Digital Bob Archive

Wreck and Repairs of the Steamboat Cutch

Days Of Yore - 05/14/1988

The Rajah's yacht was one description of the little steamer Cutch because that had been her original service. But the people of Douglas more often referred to her simply as \"the wreck\" during the winter of 1900 and the following spring and summer when it appeared that she might become a permanent fixture on the beach inside Mayflower Island.

The Cutch had been built at Hull, England, in 1884 for the Rajah of Cutch.
She was 185 feet in length and had two funnels and a speed of 17 knots. About the time the Klondike Rush started and vessels of all kinds came into demand on the Pacific Coast, the Cutch was offered for sale in Bombay, India. She was purchased by the Union Steamship Company of Vancouver, B.C., and was brought to that port. Just how much refitting was done is not known but when she sailed for Skagway for the first time, in June, 1898, she was licensed to carry 150 passengers. She had steam heat, electric lights, and some unusually large and comfortable staterooms.
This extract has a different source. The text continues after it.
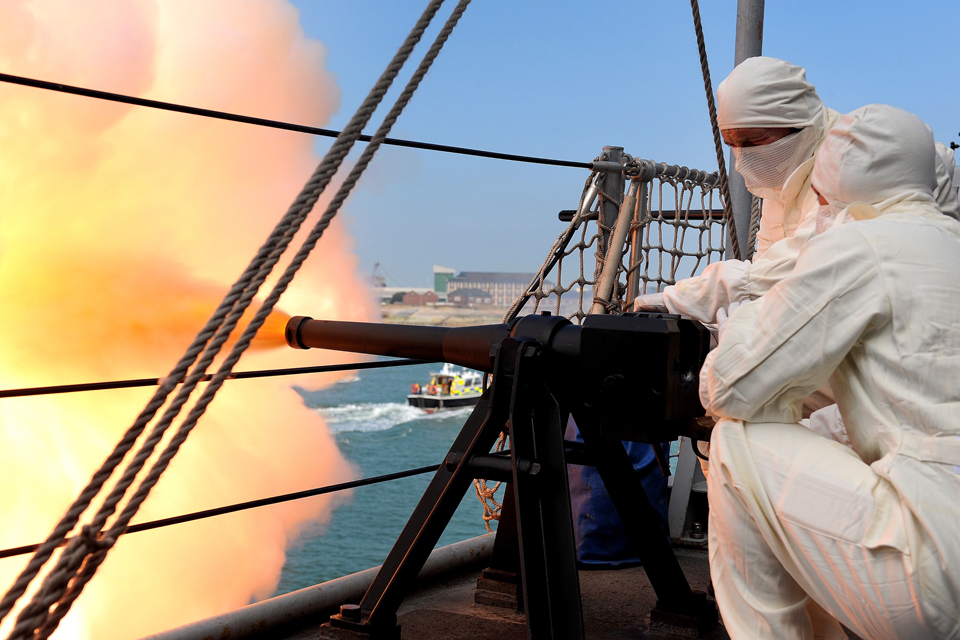 Gunners fire a 21-gun salute from HMS Edinburgh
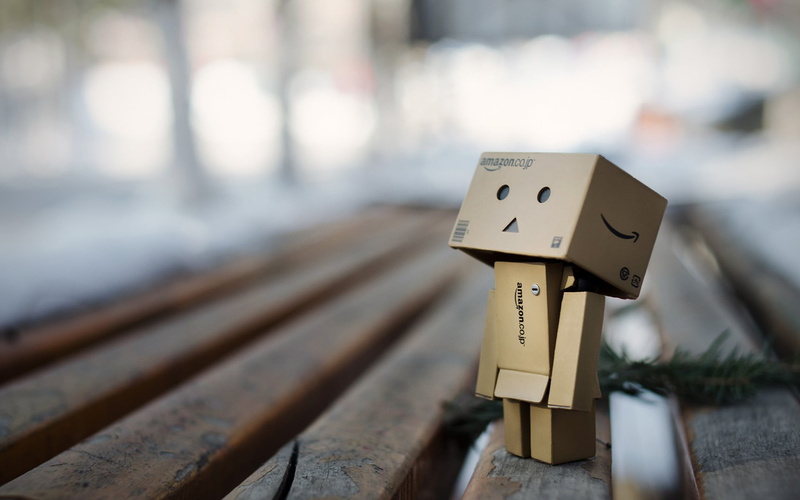 toy, outdoors, no people, depth of field, Danbo, robot, close-up, power, day, gray, focus on foreground, metal, human representation, cardboard, bench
The Cutch was bound for Skagway - she did not call at Juneau - at 10 p.m. on Friday, August 24, 1900, when she piled onto Horse Shoal, just east of Horse Island in Stephens Passage west of Douglas Island. Although the evening was clear, she was considerably off course, but it was said that had she been 12 feet to the right she would have missed the reef.

Word of the wreck was brought to Juneau by the City of Topeka the following day and a number of local boats went to the scene. The Flosie of the Juneau Ferry & Navigation Company took the passengers on to Skagway. The crew of the Cutch, in an effort to lighten her, was throwing her cargo overboard. Much of it floated and some local boats were said to have made good hauls.

Even after the cargo was jettisoned and a soft patch put on her hull, the Cutch failed to float at high water and the owners soon abandoned her to the insurance underwriters. It was October 11 before she was pulled off the reef, towed to Juneau by the local steamer Rustler and beached inside Mayflower Island. She would remain there for eleven months before being towed to Seattle.

The Cutch had the unfortunate distinction of being the first of five Canadian steamers that would be wrecked, during a 52-year period, within 30 miles of Juneau. Two of the five, Cutch and Princess May, were salvaged; Islander, Princess Sophia and Princess Kathleen went to the bottom.

The Dirigo of the Alaska Steamship Company towed the Cutch to Seattle where she was overhauled in the Moran shipyards and was renamed the Jessie Banning. She was then sold to a New York firm which in turn sold her to the government of Columbia which refitted her as a gunboat and renamed her Bogota. She left Seattle under Captain Harry Marmaduke, said to have been a former officer in the Confederate Navy. Her life under the flag of Columbia was very short; she ran ashore on the coast of South America during a storm at the end of 1902 and became a total loss.